= Raimund Herincx =

British operatic bass-baritone

Raimund Frederick Herincx (23 August 1927 in London – 10 February 2018), was a British operatic bass-baritone. Through a varied international career, Herincx performed in most of the world's great opera houses and with many of the world's leading symphony orchestras, having been in demand in international opera and in the choral and orchestral field. He is also featured in many recordings, some of which are creator's recordings and others, first recordings.

==Career==
During the first ten years of his career he sang, as principal baritone, with both the Welsh National Opera and Sadler's Wells Opera companies, singing in over 400 performances and 40 major roles with the latter.

A parallel international career developed as he was engaged for guest appearances in the opera houses of Paris, Brussels, Hamburg, Frankfurt and Stuttgart. Concert appearances in Rome, Madrid, Athens, Lisbon and Stockholm were also part of his itinerary.

His BBC Promenade Concert debut was in 1961 and, as a result, he took the English language concert repertoire into many European concert halls including the premieres of works by Walton, Tippett, Vaughan Williams, Elgar and Britten.

His debut at the Royal Opera House was in 1968. He then appeared in many roles in Italian, English, German, Russian and French for that company and starred in three world premieres including Faber in The Knot Garden by Michael Tippett on 2 December 1970 conducted by Sir Colin Davis and produced by Sir Peter Hall.

Meanwhile, appearances for the English National Opera included many major roles, notably as Wotan in Wagner's Ring Cycle. This role also brought him personal success in Europe and North and South America.

From 1976, when he joined the Metropolitan Opera of New York, much of his career was in the US and was focussed on the operas of Wagner. He subsequently appeared in most of the major cities for the leading American opera companies.

Both in Britain and America he was well known as a voice teacher and therapist and devoted some of his time to cancer research, guiding and helping patients with voice and throat problems.

In the UK, he taught at the Royal Academy of Music, Trinity College of Music, and the Universities of Cardiff and Aberdeen; whilst in the USA he taught at the Universities of Washington and California (UCLA) and lectured for the Yale Club and the Juilliard School. He continued to teach regularly at the North East of Scotland Music School in Aberdeen.

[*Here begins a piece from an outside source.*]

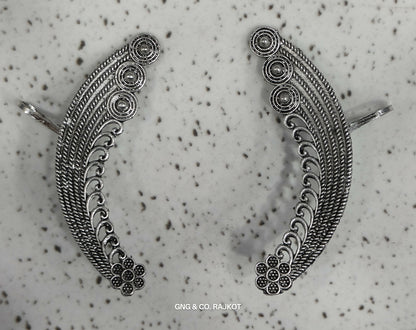 Silver Jhumka Earings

In the sphere of international music competitions he became well known as an adjudicator and examiner, having appeared regularly as a jury member for competitions such as the BBC Young Musician of the Year and the Mary Garden award. In this capacity he was frequently invited overseas as the British representative on international juries.

More recently he became much in demand as a lecturer, speaker and translator and was also frequently engaged as a musical journalist and critic.

His numerous recordings include Stravinsky's Oedipus Rex, Tippett's The Midsummer Marriage and The Knot Garden, Handel's Messiah, Purcell's Dido and Aeneas, Tavener's The Whale, Delius' Koanga plus Vaughan Williams' The Pilgrim's Progress and Sir John in Love.

In 1991 he was awarded an honorary doctorate by the University of Aberdeen. He lived in Bath and was married to Astra Blair.

==Sources==
Grove Music Online, Herincx, Raimund [Raymond](Frederick), article by Alan Blyth.